The Master says, “You have only understood that the nature of air is to be ever-present, but you do not yet know the truth that there is no place air cannot reach.”
The monk says, “What is the truth of there being no place air cannot reach?
At this the Master just carries on using the fan.  The monk does prostrations.”

(This is a teaching on the relationship between buddha nature (air) and practice (fanning).  Without practice, we cannot realise our buddha nature just as we cannot feel the presence of air without fanning)


Important passages (as for Fukan-zazengi, so much of Genjo-koan is of great significance that it is important to read the whole, relatively short, text)

“The Buddha’s truth is originally transcendent over abundance and scarcity, and so there is life and death, there is delusion and realization, there are beings and buddhas.  And though it is like this, it is only that flowers, while loved, fall and weeds, while hated, flourish.”

“Driving ourselves to practice and experience the myriad dharmas is delusion.  When the myriad dharmas actively practice and experience ourselves, that is the state of realization.  Those who greatly realize delusion are buddhas.  Those who are greatly deluded about realization are ordinary beings.”

“When we use the whole body-and-mind to look at forms, and when we use the whole body-and-mind to listen to sounds, even though we are sensing them directly, it is not like a mirror’s reflection of an image, and not like water and the moon.  It is not like a mirror’s reflection of an image, and not like water and the moon.  While we are experiencing one side, we are blind to the other side.”

“To learn the Buddha’s truth is to learn ourselves.  To learn ourselves is to forget ourselves.  To forget ourselves is to be experienced by the myriad dharmas.  To be experienced by the myriad dharmas is to let our own body-and-mind, and the body-and-mind of the external world, fall away.  There is a state in which the traces of realization are forgotten; and it manifests the traces of forgotten realization for a long, long time.”

(to be honest, I much prefer the Tanahashi translation of this passage if you have it, and it is much better known, beginning with “To study the buddha way is to study the self…”)
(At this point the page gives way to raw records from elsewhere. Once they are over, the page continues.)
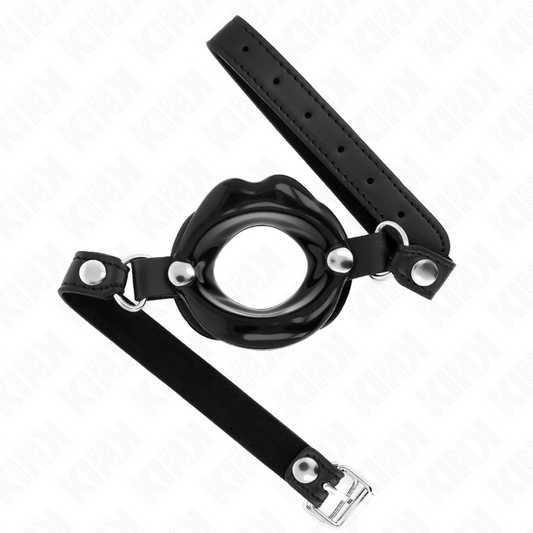 Calus cu Buze, KINK - 8 cm, Curea Piele Ecologica Neagra 63 x 2 cm, Reglabila 39-58 cm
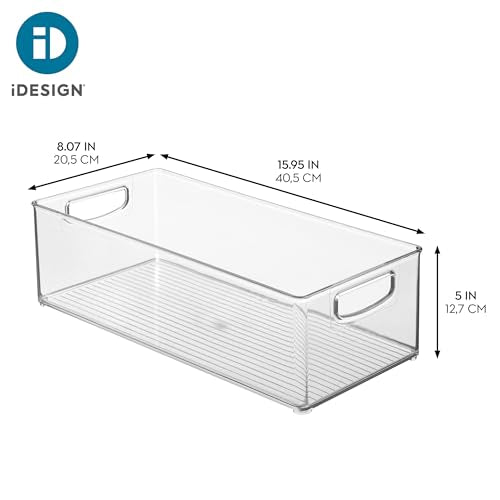 iDesign Stackable Clear Storage Bin - Kitchen Organizer with Handles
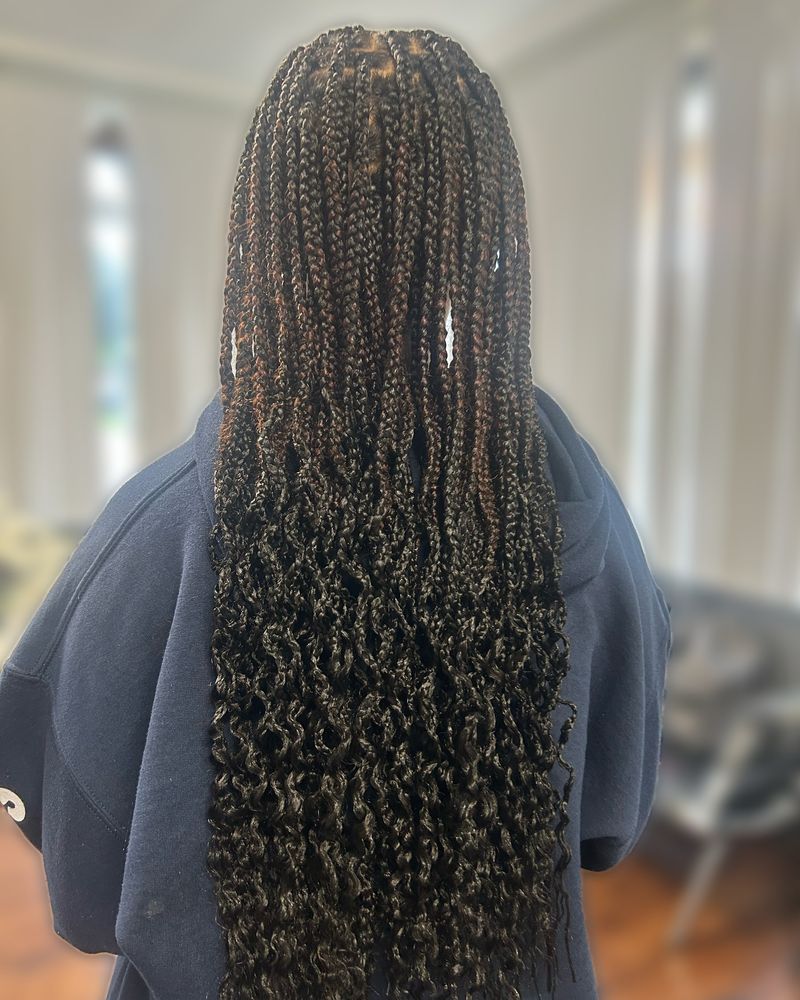 Waist-length boho knotless braids with brown highlights, seen from behind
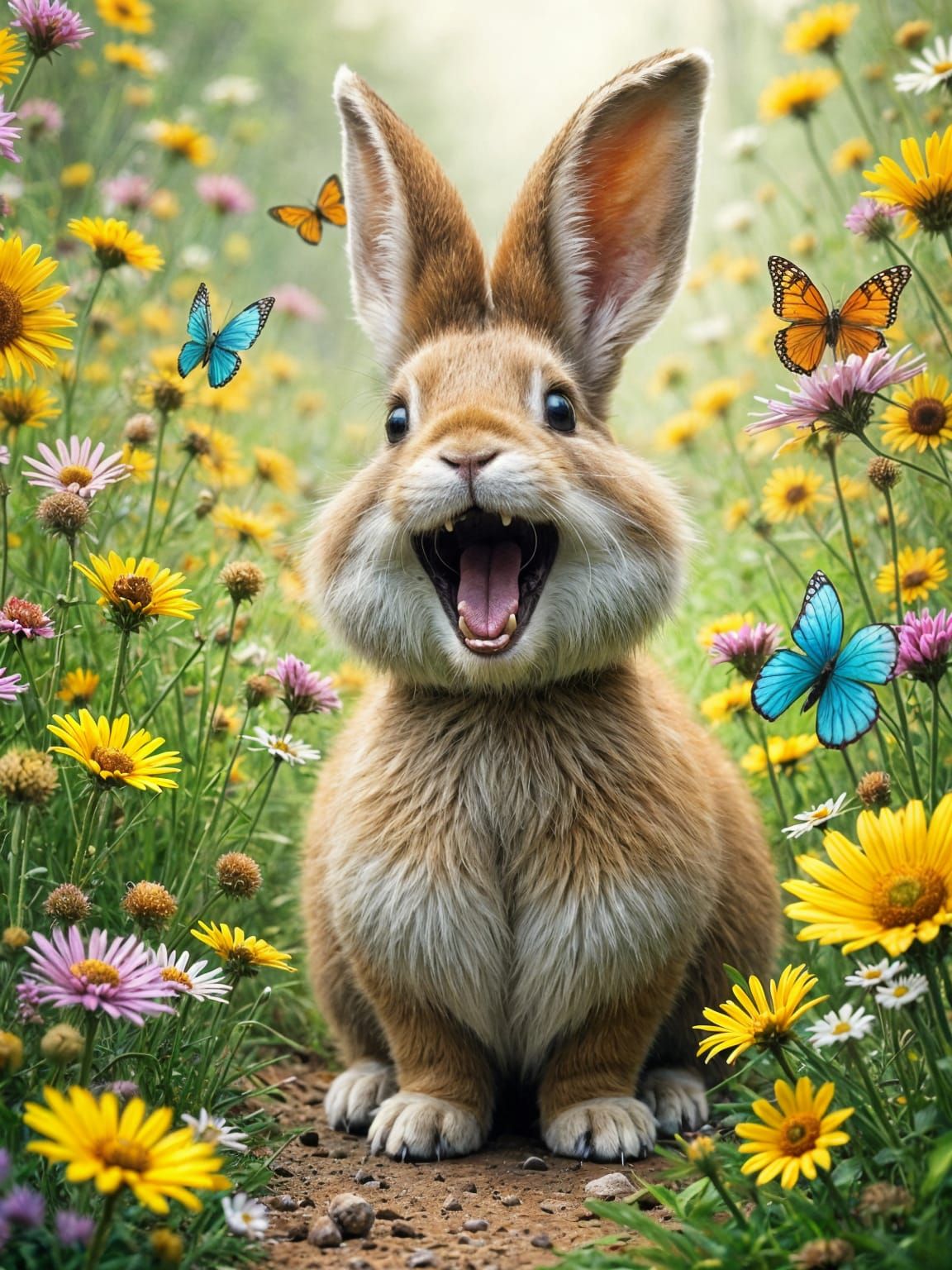 Laughing Bunny in Wildflower Meadow: Candid Wildlife Photo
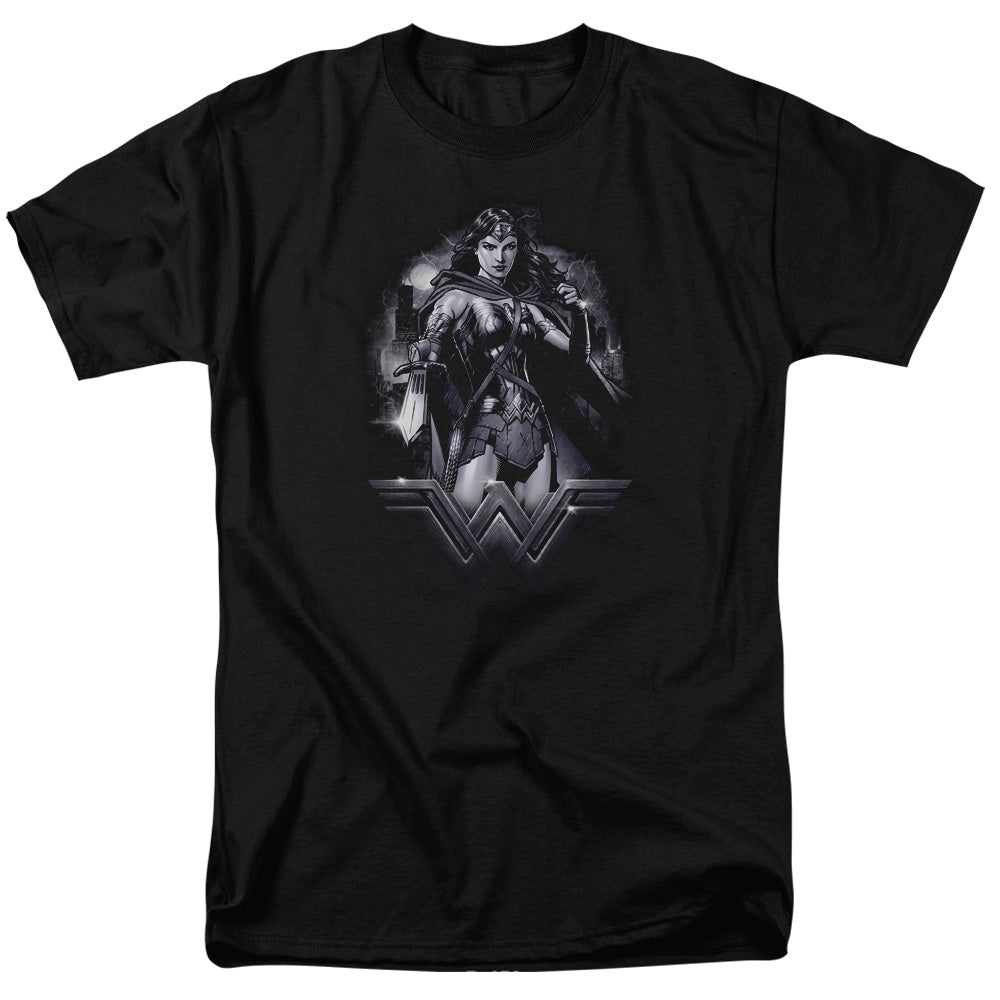 AN OFFCIALLY LICENSED BATMAN VS SUPERMAN RAINY NIGHT MEN'S REGULAR FIT T-SHIRT BLACK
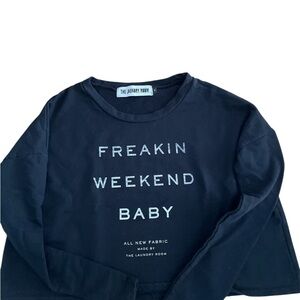 The Laundry Room Black Cropped Long Sleeve Sweatshirt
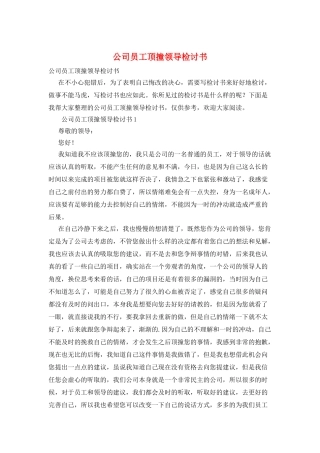 公司员工顶撞领导检讨书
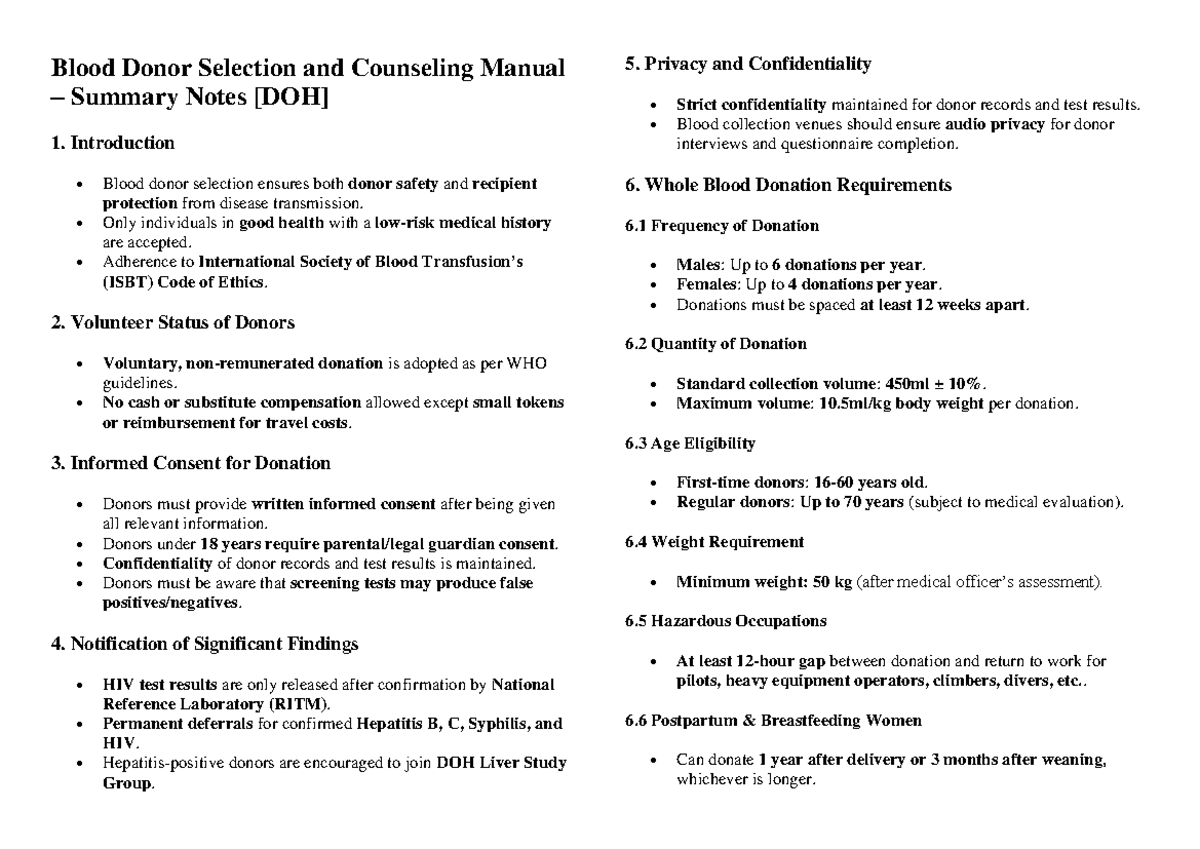 Blood Donor Selection Guidelines: Summary Notes [DOH] - Studocu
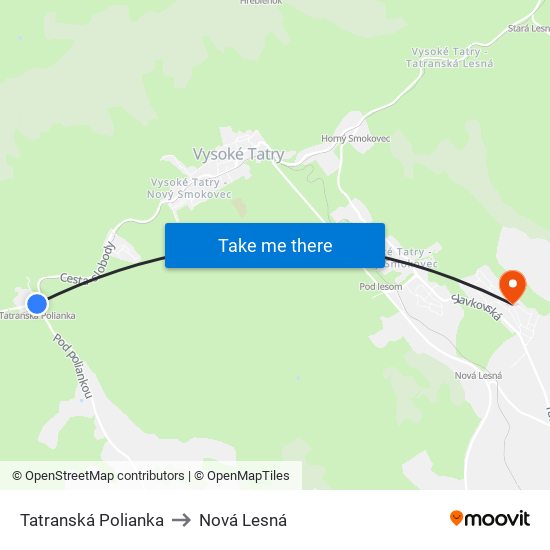 Tatranská Polianka to Nová Lesná map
“When people first seek the Dharma, we are far removed from the borders of Dharma.  But as soon as the Dharma is authentically transmitted to us, we are a human being in our original element.”

“Firewood becomes ash; it can never go back to being firewood. Nevertheless, we should not take the view that ash is its future and firewood is its past. We should recognize that firewood occupies its place in the Universe as firewood, and it has its past moment and its future moment. And although we can say that it has its past and its future, the past moment and the future moment are cut off. Ash exists in its place in the Universe as ash, and it has its past moment and its future moment. Just as firewood can never again be firewood after becoming ash, human beings cannot live again after their death.”

“A person getting realization is like the moon reflected in water: the moon does not get wet, and the water is not broken. Though the light of the moon is wide and great, it can be reflected in a foot or an inch of water. The whole moon and the whole sky can be reflected in a dew-drop on a blade of grass or in a single drop of rain.”

“When the Dharma has not completely filled our body and mind, we feel that the Dharma is abundantly present in us. When the Dharma fills our body and mind, we feel as if something is missing.”

When fish swim in water, though they keep swimming, there is no end to the water. When birds fly in the sky, though they keep flying, there is no end to the sky. At the same time, fish and birds have never left the water or the sky. The more water or sky they use, the more useful it is; the less water or sky they need, the less useful it is. Acting like this, each one realizes its limitations at every moment and each one somersaults in complete freedom at every place; but if a bird leaves the sky it will die at once, and if a fish leaves the water it will die at once.”